**EXERCISE DATA:**
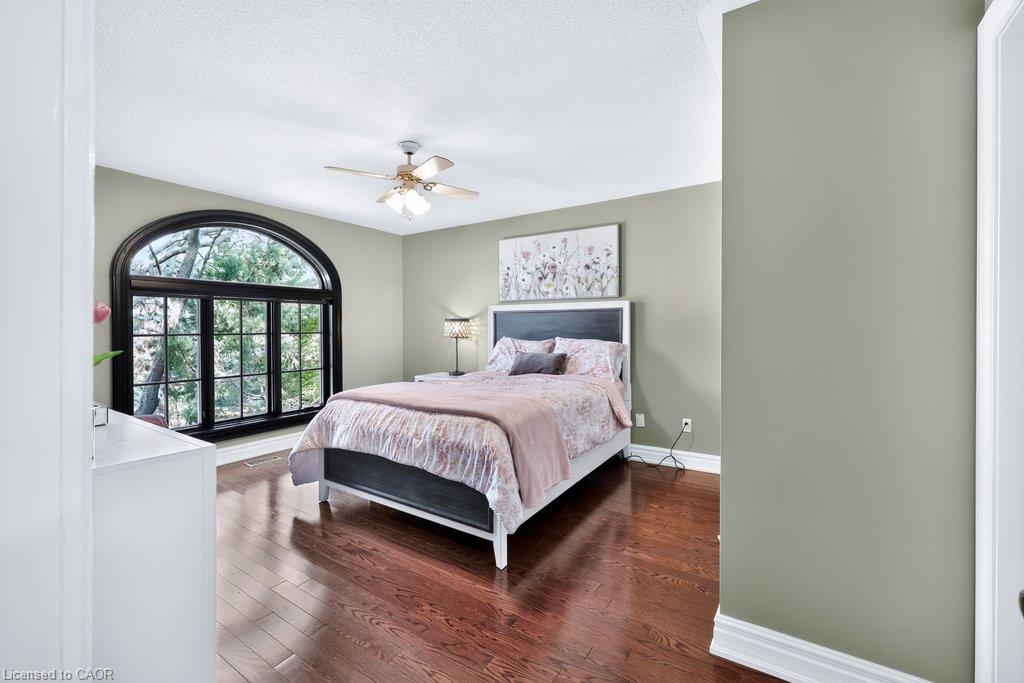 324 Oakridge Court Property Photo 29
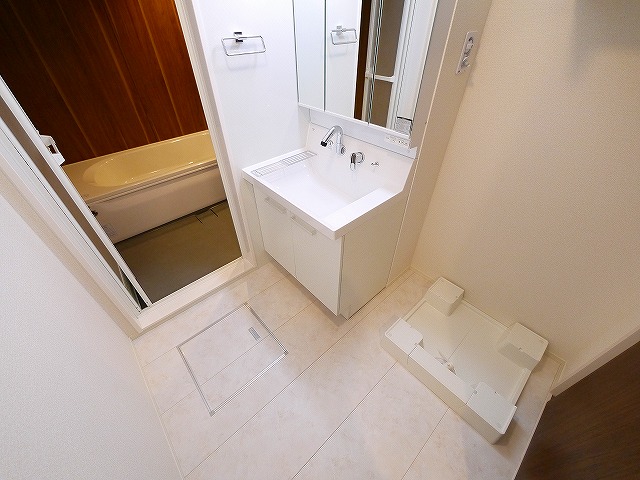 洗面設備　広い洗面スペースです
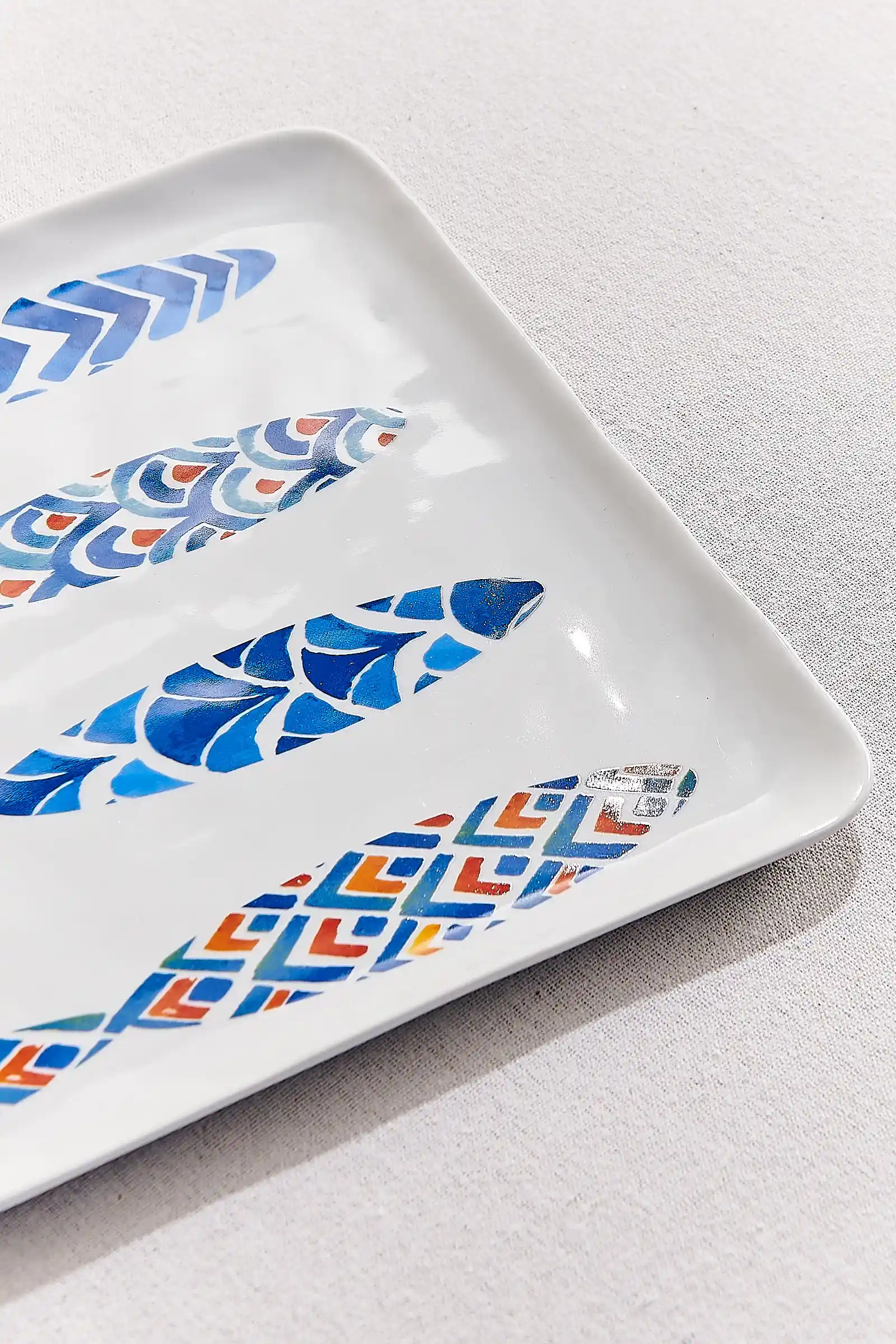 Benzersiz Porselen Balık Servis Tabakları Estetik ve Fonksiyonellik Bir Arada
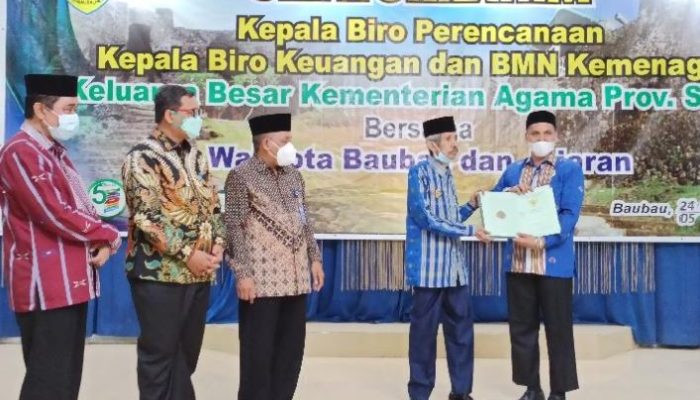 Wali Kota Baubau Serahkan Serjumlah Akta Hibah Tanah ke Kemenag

**WORK TO BE COMPLETED:** Reproduce the data exactly as it appears above. Pictures are to be left out.

**EXERCISE RESPONSE:**
 324 Oakridge Court Property Photo 29
 洗面設備　広い洗面スペースです
 Benzersiz Porselen Balık Servis Tabakları Estetik ve Fonksiyonellik Bir Arada
 Wali Kota Baubau Serahkan Serjumlah Akta Hibah Tanah ke Kemenag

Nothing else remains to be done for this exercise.